French socialist Andre Gorz famously jettisoned the reform/ revolution dichotomy, instead advocating a strategy of non-reformist reformism. He defined—and, as far as I know, unveiled—the concept in Strategy for Labor and contrasted it with conventional, system-sustaining, reformist reformism:
A reformist reform is one which subordinates its objectives to the criteria of rationality and practicability of a given system and policy. Reformism rejects those objectives and demands—however deep the need for them—which are incompatible with the preservation of the system.
On the other hand, a not necessarily reformist reform is one which is conceived not in terms of what is possible within the framework of a given system and administration, but in view of what should be made possible in terms of human needs and demands.

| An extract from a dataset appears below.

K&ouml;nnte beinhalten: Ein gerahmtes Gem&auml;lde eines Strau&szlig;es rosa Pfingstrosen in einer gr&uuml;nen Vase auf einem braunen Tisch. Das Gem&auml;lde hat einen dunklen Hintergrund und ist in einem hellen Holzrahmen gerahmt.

In other words, a struggle for non-reformist reforms—for anti-capitalist reforms—is one which does not base its validity and its right to exist on capitalist needs, criteria, and rationales. A non-reformist reform is determined not in terms of what can be, but what should be. And finally, it bases the possibility of attaining its objective on the implementation of fundamental political and economic changes. The changes can be sudden, just as they can be gradual. But in any case they assume a modification of the relations of power; they assume that the workers will take over powers or assert a force (that is to say, a non-institutionalized force) strong enough to establish, maintain, and expand those tendencies within the system which serve to weaken capitalism and to shake its joints. They assume structural reforms.